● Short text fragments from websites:
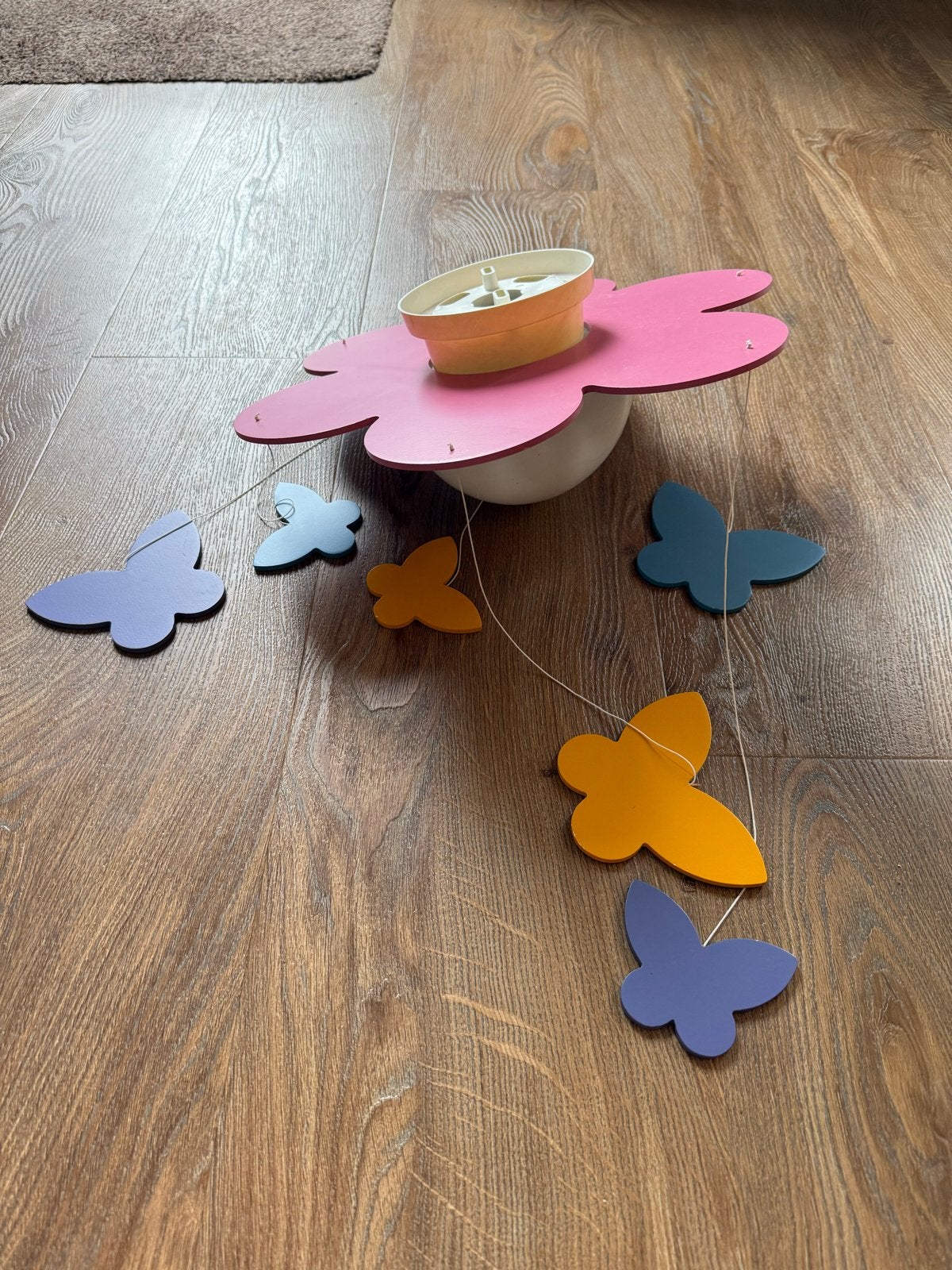 Plafondlamp roze bloem met hangende kleurige vlinders, Kunststof, Gebruikt, Roze, E27 (groot)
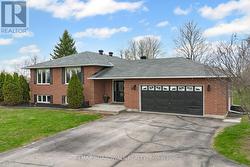 14 DAVIS LANE Rideau Lakes, ON K7A 4S5
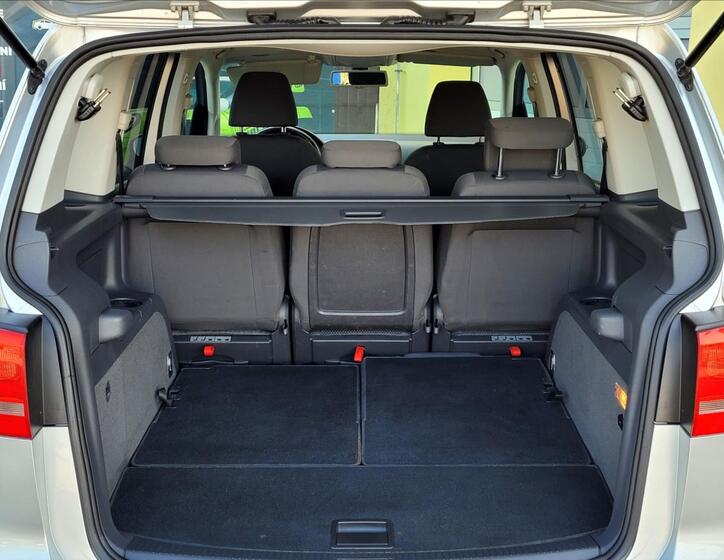 Volkswagen Touran 11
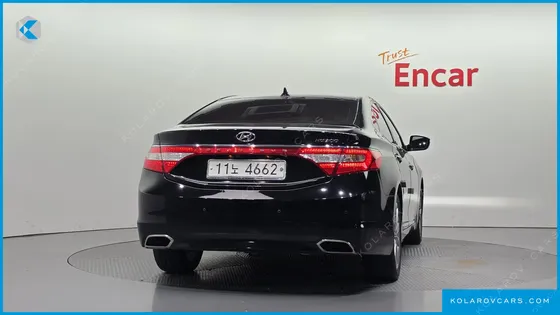 HYUNDAI GRANDEUR HG240 MODERN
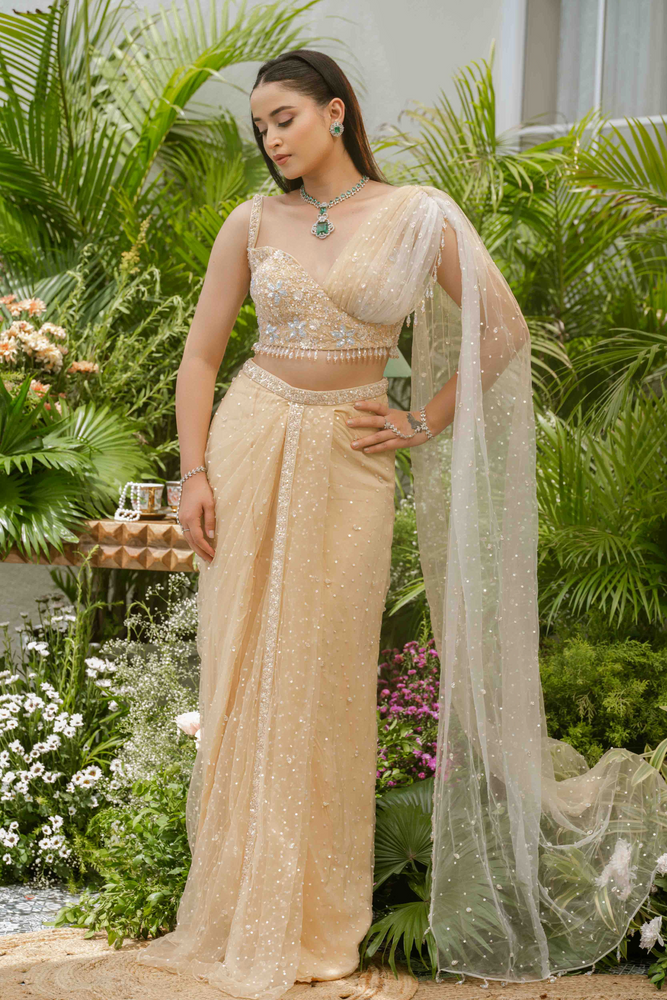 Load image into Gallery viewer, Ishani Ombre Petal Drape Saree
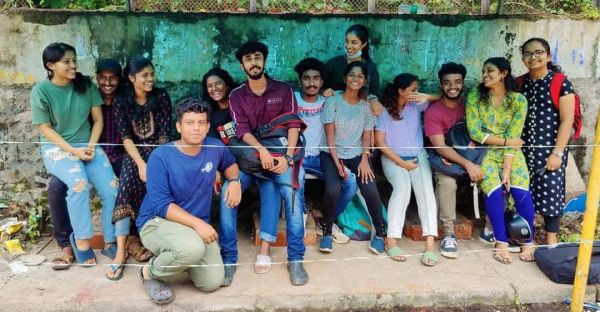 லேப்டாப் போராட்டம் என்றால் என்ன? கேரள மாணவர்களால் திடீர் பரபரப்பு.. பின்னணி என்ன? 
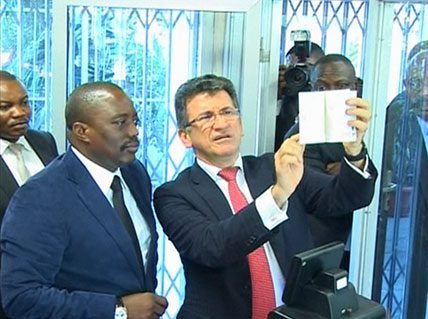 Les 185 dollars du passeport : comment l’argent des Congolais a circulé jusqu’à une société offshore liée à Joseph Kabila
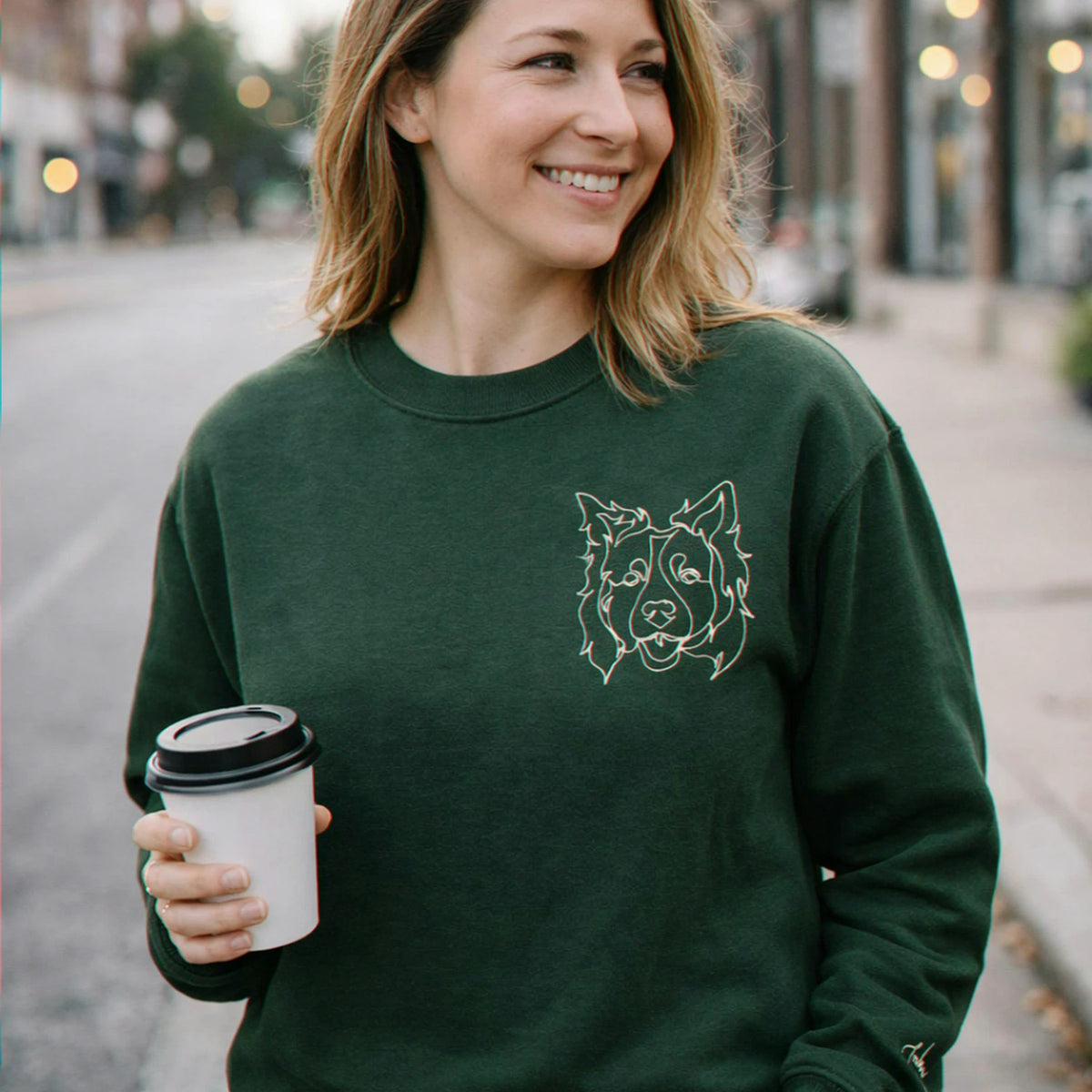 Custom Dog Outline Sweatshirt for Birthday Girlfriend - Minimalist Embroidered Pet Photo Crewneck & Name - Gift for Her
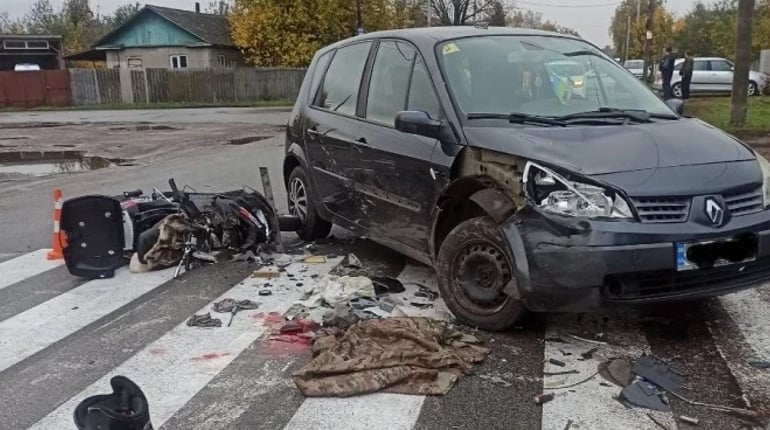У Мені зіткнулися Renault і скутер: водія двоколісного госпіталізували у тяжкому стані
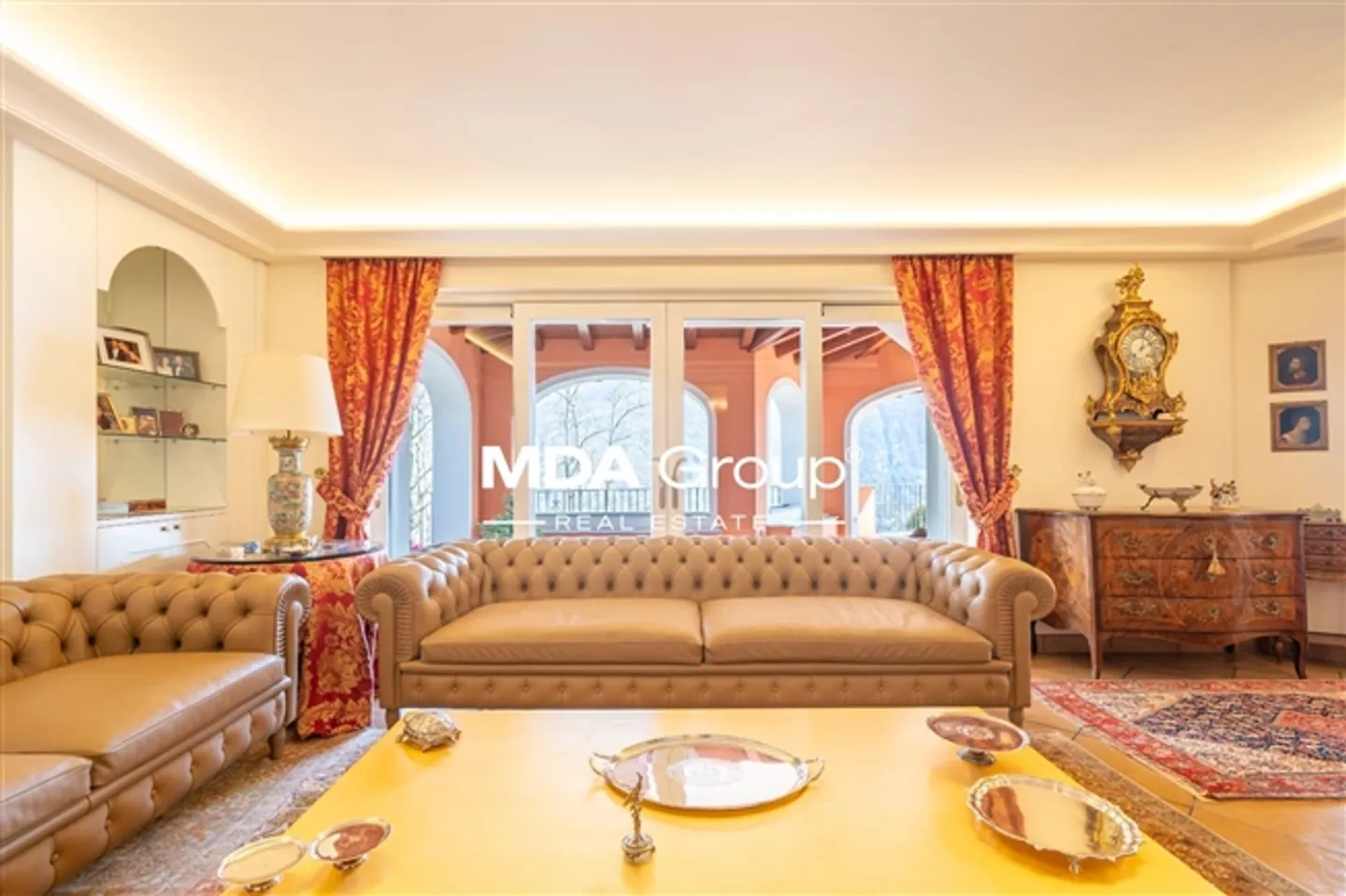 8 Room villa - Photo 5 of 20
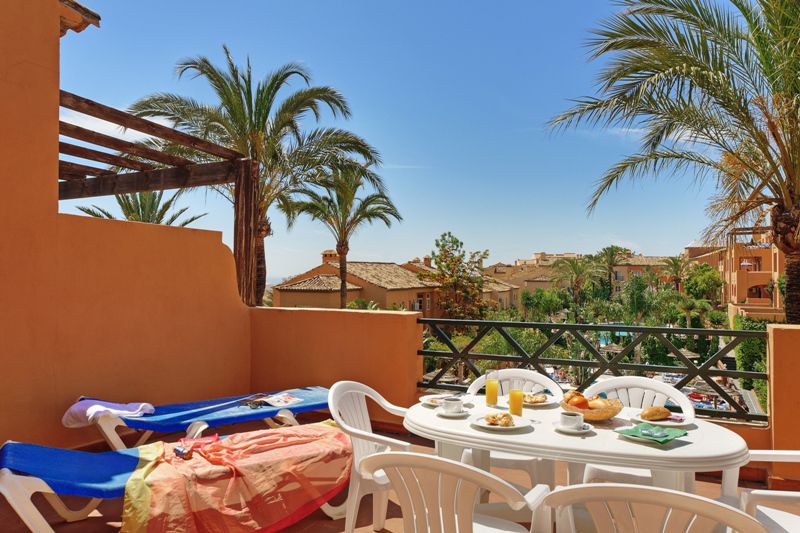 Mijas Costa Oasis By Grangefield Oasis Club Aparthotel Sitio de Calahonda Exterior photo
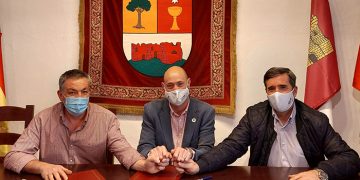 El Gobierno regional y el Ayuntamiento de Cardenete firman un convenio para la ampliación de horario de atención al público de la Oficina Municipal de Información al Consumidor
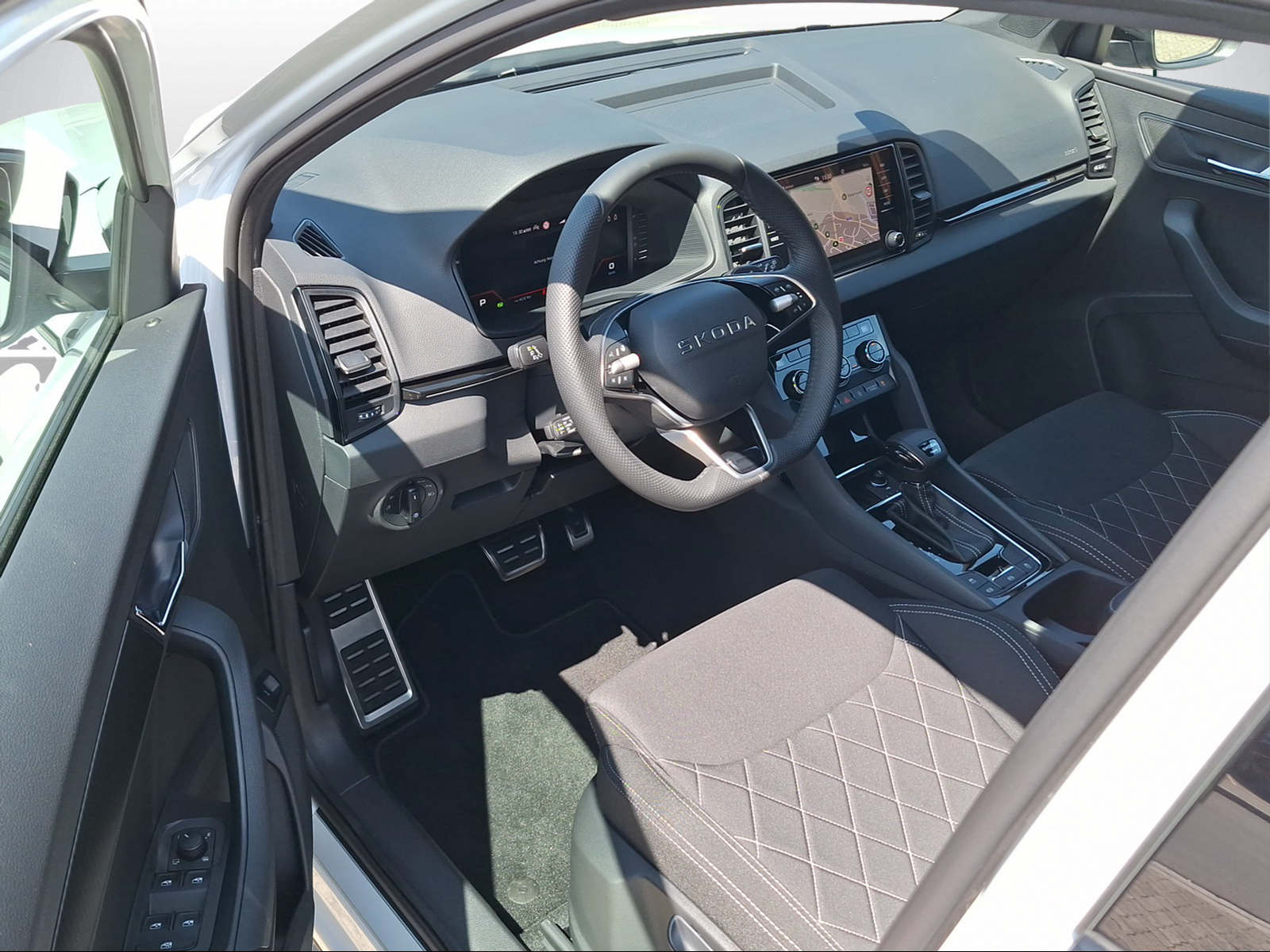 SKODA Karoq 2.0 TSI Dynamic Limited Edition 4x4 DSG-image-5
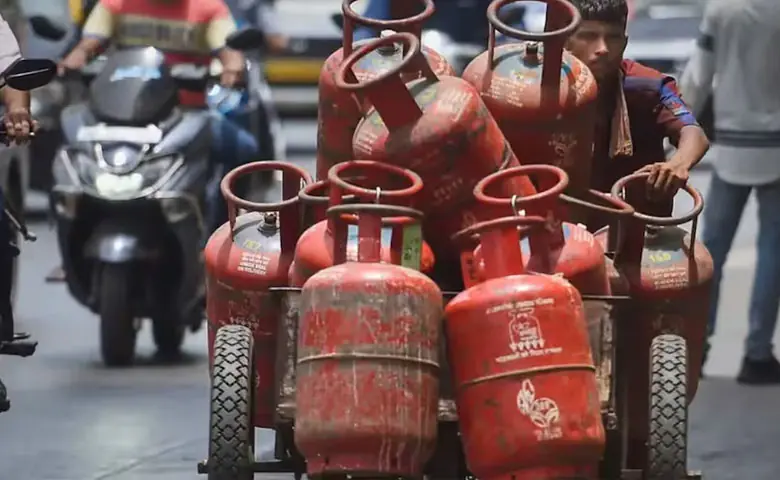 What kind of formula is this? A small 5 kg cylinder costs Rs.831, while a 14 kg LPG cylinder costs Rs.931?, hum dekhenge news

● DESCRIPTION OF THE TASK: Exact copy, pictures excluded: restate every record above word for word.

● ANSWER BOX:
 Plafondlamp roze bloem met hangende kleurige vlinders, Kunststof, Gebruikt, Roze, E27 (groot)
 14 DAVIS LANE Rideau Lakes, ON K7A 4S5
 Volkswagen Touran 11
 HYUNDAI GRANDEUR HG240 MODERN
 Load image into Gallery viewer, Ishani Ombre Petal Drape Saree
 லேப்டாப் போராட்டம் என்றால் என்ன? கேரள மாணவர்களால் திடீர் பரபரப்பு.. பின்னணி என்ன? 
 Les 185 dollars du passeport : comment l’argent des Congolais a circulé jusqu’à une société offshore liée à Joseph Kabila
 Custom Dog Outline Sweatshirt for Birthday Girlfriend - Minimalist Embroidered Pet Photo Crewneck & Name - Gift for Her
У Мені зіткнулися Renault і скутер: водія двоколісного госпіталізували у тяжкому стані
 8 Room villa - Photo 5 of 20
 Mijas Costa Oasis By Grangefield Oasis Club Aparthotel Sitio de Calahonda Exterior photo
 El Gobierno regional y el Ayuntamiento de Cardenete firman un convenio para la ampliación de horario de atención al público de la Oficina Municipal de Información al Consumidor
 SKODA Karoq 2.0 TSI Dynamic Limited Edition 4x4 DSG-image-5
 What kind of formula is this? A small 5 kg cylinder costs Rs.831, while a 14 kg LPG cylinder costs Rs.931?, hum dekhenge news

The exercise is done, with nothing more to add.